What does it mean to resist? When our head interferes with our heart, in our art, when our flow is interrupted, when there is disruption in our receptivity, we are resisting.
Writing itself is resistance.
I went to Barefoot College in Tilonia, one of the poorest villages in rural India. I saw puppets educating elders on matters of social justice and musicians educating children on social change.
A kathak dancer, Mallika Sarabhai goes to villages all over India. She educates women on menstrual hygiene through theatre.
I vomited on stage, an Aftertaste of my arrival in America. It was a play about the international experience.
When I was seven, I wrote an angry letter to my grandfather when he wouldn’t listen.

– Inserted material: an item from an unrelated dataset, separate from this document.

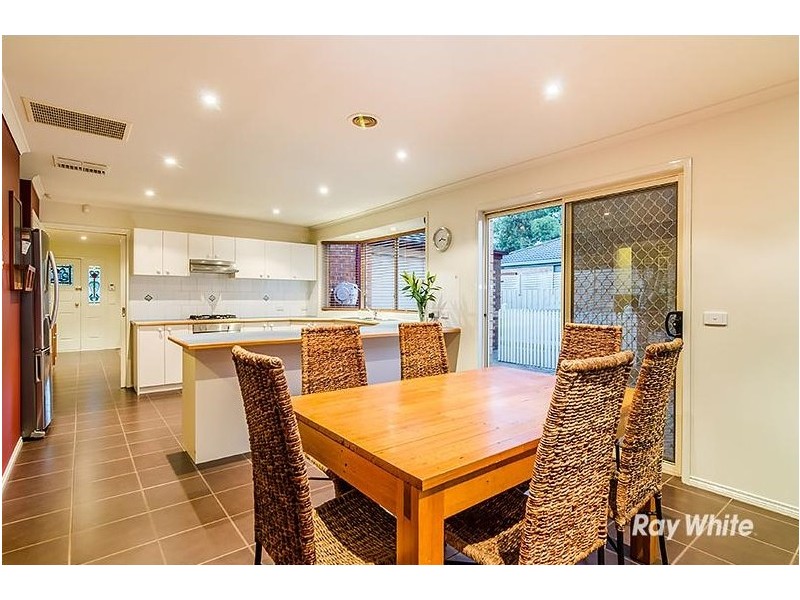 50 Bateman Grove, Hampton Park VIC 3976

We cannot talk back, we need to respect our elders my culture preaches. I scrunched my letter into a ball and threw it at him. He threw it out of the window.
I spoke about reclaiming my voice, my accent at Naropa.
My parents challenge customer care representatives everytime they answer the phone. My parents’ accent “confuses them”. Dear America, must you only understand the norm?
“What is the relevance of writing? Will it get you a job?” my father said.
I speak perfect English. Are you waiting for me to talk in Hindi, will that make me more exotic? Will that make my activism special? Chutiye saale
Two Indian Americans speak about the terror attacks in a school in Peshawar in broken Hindi at a silent vigil. My friend from Pakistan walks out. Must we always voice that which we don’t understand?
Must we always have a cause to resist?
Can’t we just lie down on the grass and enjoy this sunny day?